The coming decade is likely to see even more medical breakthroughs arising through the combination of intelligent algorithms and mass, combined datasets. However, for the world of data to achieve its full potential, we need to breakup individual silos and create a collective global intelligence within the medical community.

Jurgi Camblong

From drastically improving diagnostics and treatment decisions, to accelerating patient recruitment for clinical trials, the combination of artificial intelligence (AI) and Big Data is changing healthcare for the better. Progress has been made possible thanks to the massive increase in computing power and the growing amounts of patient information stored in various databases around the world.

Scientists predict that the world’s genomic databanks will soon contain more data than all earth sciences and the endless flow of information on social media combined1. How we leverage these growing datasets to uncover new healthcare solutions, will define the next decade.

Cancer medicine in front

AI and real-world clinical data will eventually transform healthcare across the spectrum, from neurodegenerative diseases to diabetes. But it is in the world of cancer medicine where we have to date seen the biggest benefits from this combination. This is due in part, to the intrinsic nature of the disease and how it progresses over time.

Cancer is not only a multifaceted disease but also a constantly evolving one. Understanding its dynamics therefore requires a large amount of statistical power. This can only be derived from cleaned and labelled real-world datasets that are more easily annotated.

Training AI algorithms on clinical datasets has already demonstrated effectiveness in identifying subgroups of cancer patients who respond best to particular treatments. The AI revolution is also coming to the lab.

In the coming years, cancer treatment is likely to become more precise as a result of digital pathology; one of the fastest moving areas in oncology. Pathologists worldwide will soon digitalize immunohistochemistry information, generating a new class of data which has been dubbed ‘histomics’.

We believe this will make it easier for smart algorithms to step in and speed up the diagnostic process. They will do this by learning to detect the earliest signs of cancer, rapidly directing clinicians to areas of abnormality in tissue samples, as well as enabling more accurate treatment recommendations.

Computer-assisted AI technology will be able to use this data, for example, to obtain a better signal for PDL1 tests. Having this data will be extremely important at all stages of a patient’s longitudinal journey.
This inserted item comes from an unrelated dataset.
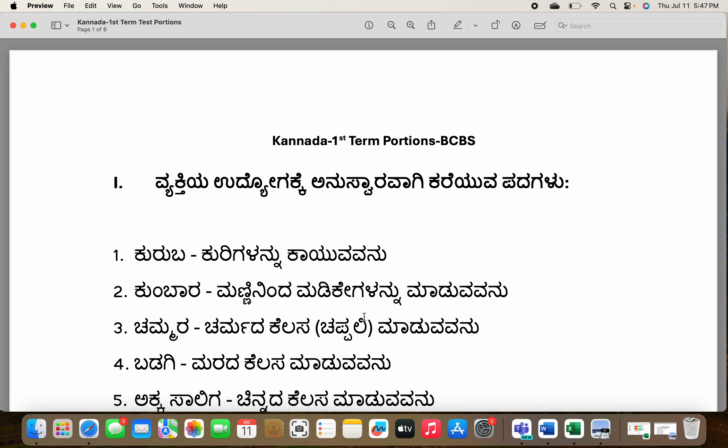Hi all, hope you guys are doing really well and preparing well for the exam. I have most of the Karada portions — the notes, question answers, grammar, and exercises we had done in class. What I've done is made a PDF of the same, and I'm also doing a video right now on how to pronounce these things. I request everyone to have this PDF along with you, or at least the notes, and read along with me — that would help you guys a lot.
If you have CT or MRI scans of the tumor, or its molecular characterisation, and can combine these sources of information, you can make much more accurate predictions of how patients will respond to treatments.

This is because you aren’t looking at just one source of data or one ‘picture’. By combining these multiple sources of health data, individual frames of reference become more like a ‘movie’. This ‘moving picture’ shows us the progression of the disease in a way that you could never see by focusing on a single frame.

Future of clinical trials

Real-world evidence is changing the way we study drug safety and effectiveness. Medical product development is at the brink of a new age of evidence generation. In addition to optimizing the choice of existing treatments for patients, the combination of AI and real-world clinical data is also playing a role in identifying new treatments for the future.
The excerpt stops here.